• **Captioned web image data**
>>>>
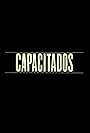 Capacitados. La serie (2012)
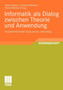 Informatik als Dialog zwischen Theorie und Anwendung : Festschrift fur Volker Claus zum 65. Geburtstag by Volker Diekert - Paperback Informatik als Dialog zwischen Theorie und Anwendung : Festschrift fur Volker Claus zum 65. Geburtstag by Volker Diekert - Paperback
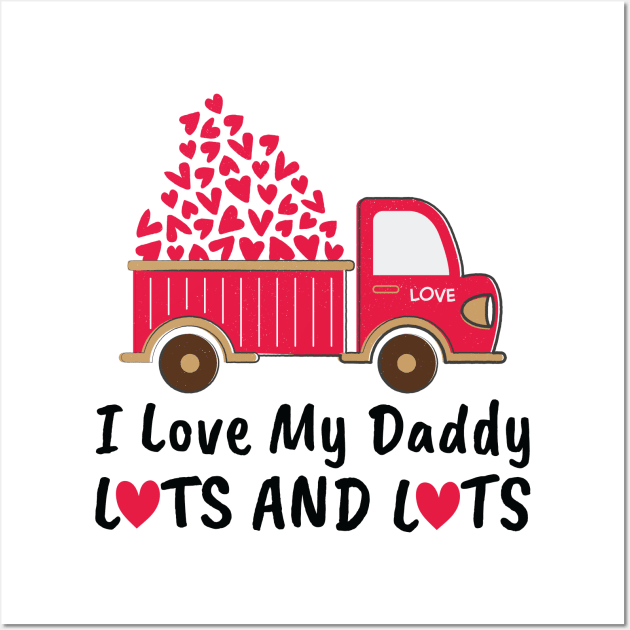 I Love My Daddy Lots And Lots Wall Art by DragonTees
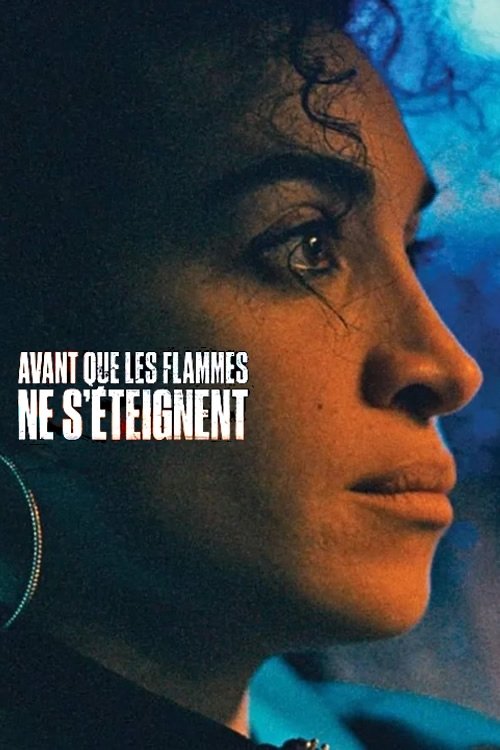 Avant que les flammes ne s'éteignent poster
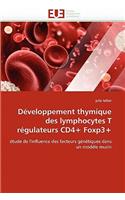 Développement Thymique Des Lymphocytes T Régulateurs Cd4+ Foxp3+
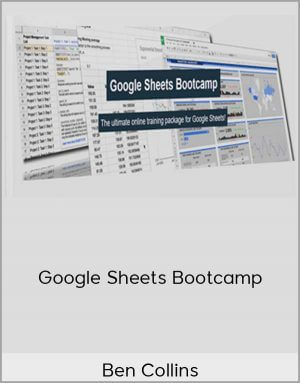 Ben Collins – Google Sheets Bootcamp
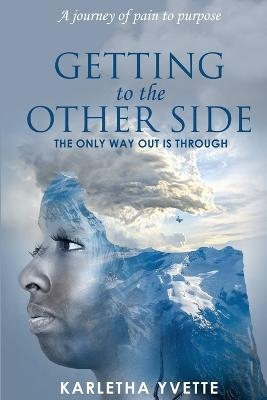 Getting To the Other Side - Karletha Yvette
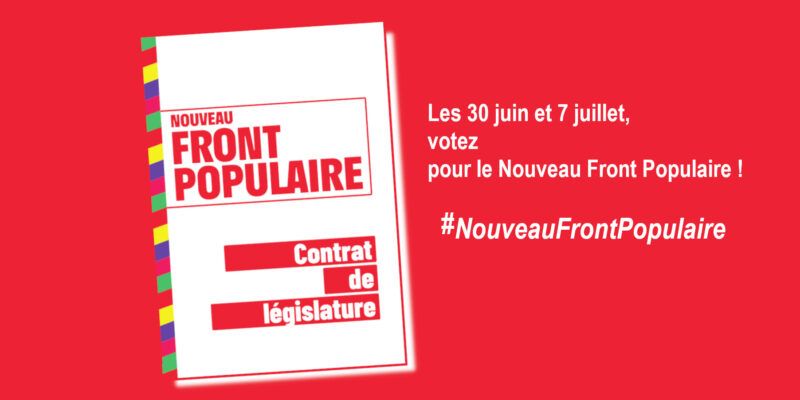 Découvrez le contrat de législature du nouveau Front populaire !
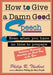 How to Give a Damn Good Speech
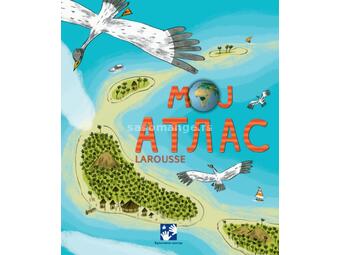 Moj atlas - Larousse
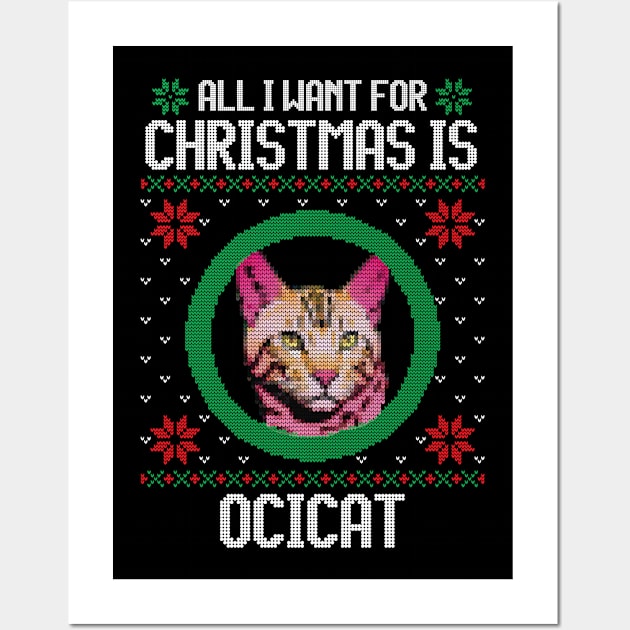 All I Want for Christmas is Ocicat - Christmas Gift for Cat Lover Wall Art by Ugly Christmas Sweater Gift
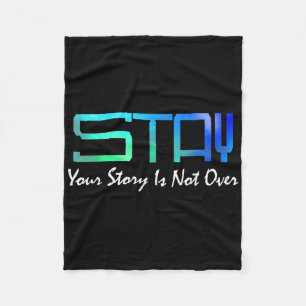 Suicide Prevention Awareness _ Your Story Is Not O Fleece Blanket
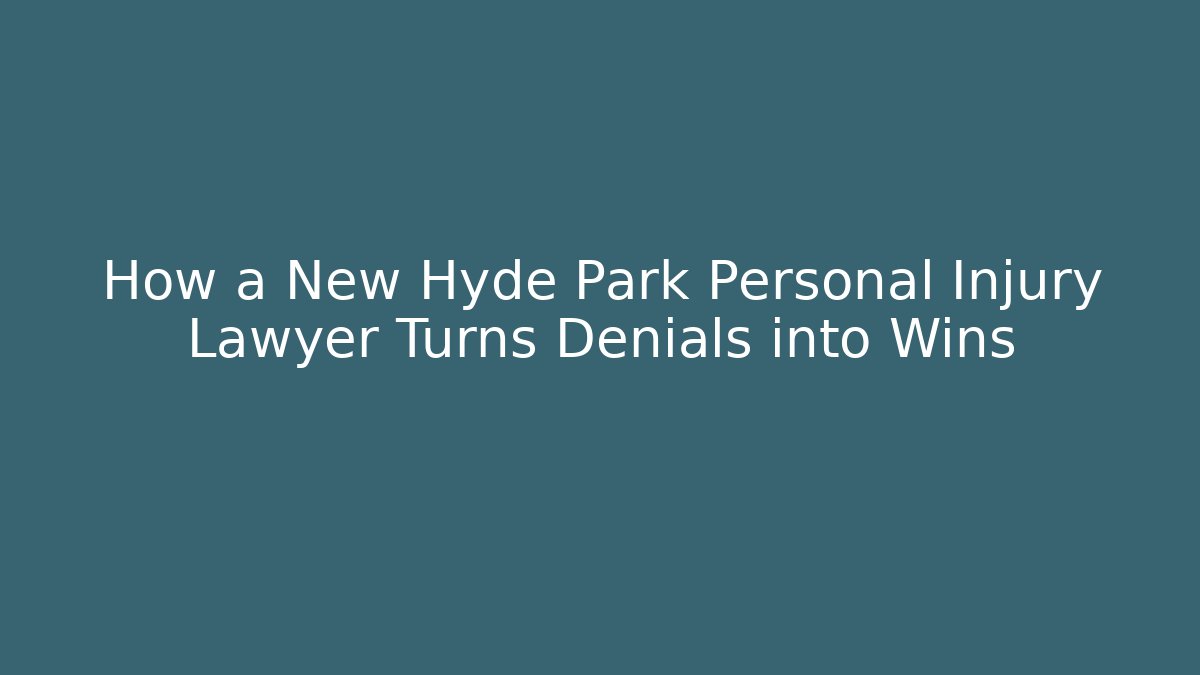 How a New Hyde Park Personal Injury Lawyer Turns Denials into Wins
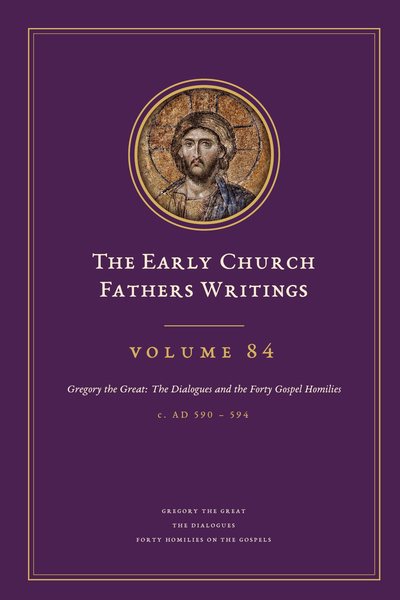 Cover of The Early Church Fathers Writings, Volume 84: Gregory the Great: The Dialogues and the Forty Gospel Homilies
<<<<
• **What is expected**
Restate the lines of the records exactly, starting at the first and stopping after the line with "- Paperback Informatik". Leave out any picture.

• **Answer area**
 Capacitados. La serie (2012)
 Informatik als Dialog zwischen Theorie und Anwendung : Festschrift fur Volker Claus zum 65. Geburtstag by Volker Diekert - Paperback Informatik als Dialog zwischen Theorie und Anwendung : Festschrift fur Volker Claus zum 65. Geburtstag by Volker Diekert - Paperback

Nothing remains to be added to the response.